At //build/ this past week I heard numerous people suggest that WinRT and Metro aren’t going to be used for business app development. That Metro is for consumer apps only. These comments were from Microsoft and non-Microsoft people.

They could be right, but I think they are wrong.

Let’s think forward about 5 years, and assume that Win8 has become quite successful in the consumer space with Metro apps. And let’s remember that consumers are the same people who use computers in the corporate world.

Then let’s think back to the early 1990’s, when most corporate apps were 3270 or VT100 green-screen terminals, and what people used at home (or even at work for other apps like Lotus 123 or maybe Excel) was Windows.

Users back then pushed hard for Windows interfaces for everything. Compared to the green-screen terminals, Windows was a breath of fresh air, and users really wanted to get away from the terminal experience.

Metro is to today’s Windows, what Windows was to terminals. A smooth, touch-based interface that encourages more intuitive and aesthetically pleasing user experiences. And the extremely popular iPad interface is similar.

In 5 years I strongly suspect that users will be pushing hard for Metro interfaces for everything. The old-fashioned, legacy Windows look (because that’s what it will be) will be extremely undesirable.

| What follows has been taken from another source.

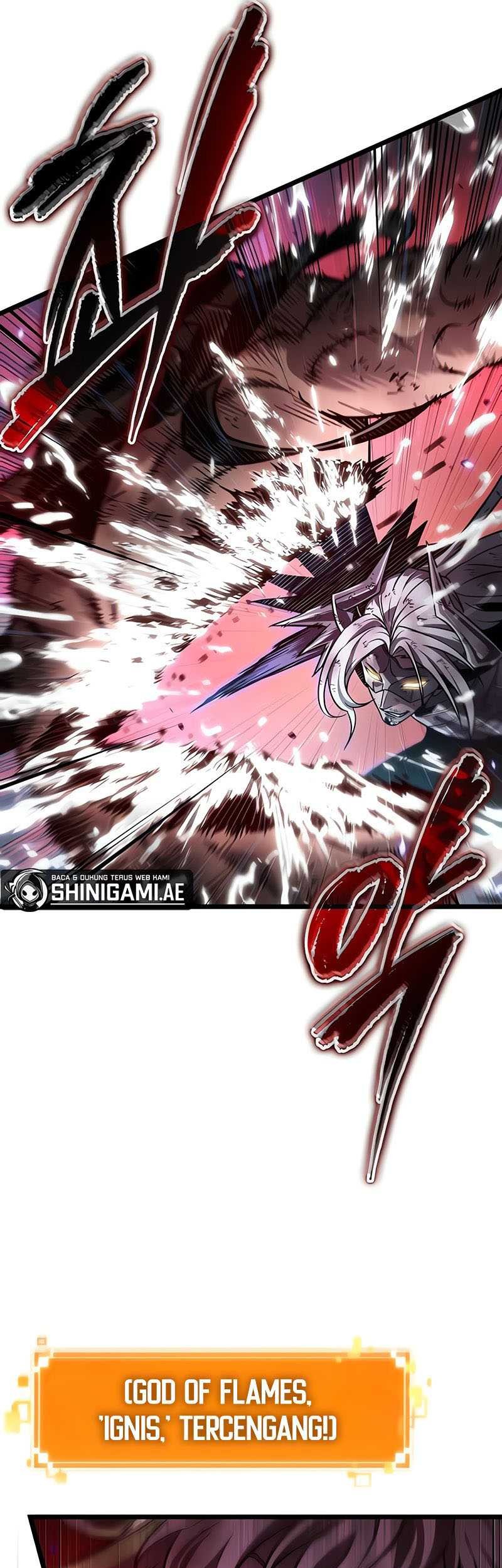 The World After the Fall Chapter 160 Gambar 59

In fact I would suggest it is already uncool, especially in the face of iPad apps that exist today.

Windows computers are … computers.

iPad devices are friendly companions on people’s individual journeys through life.

(and so are Windows Phone devices – my phone is not a computing device, it is an integral part of my life)

Windows 8 and Metro gives us the opportunity to build apps that fit into something that is an integral part of people’s lives.

Because most people spend at least half their waking life at work, it seems obvious that they’ll want their work apps to be just as smooth and seamless as all the other apps they use.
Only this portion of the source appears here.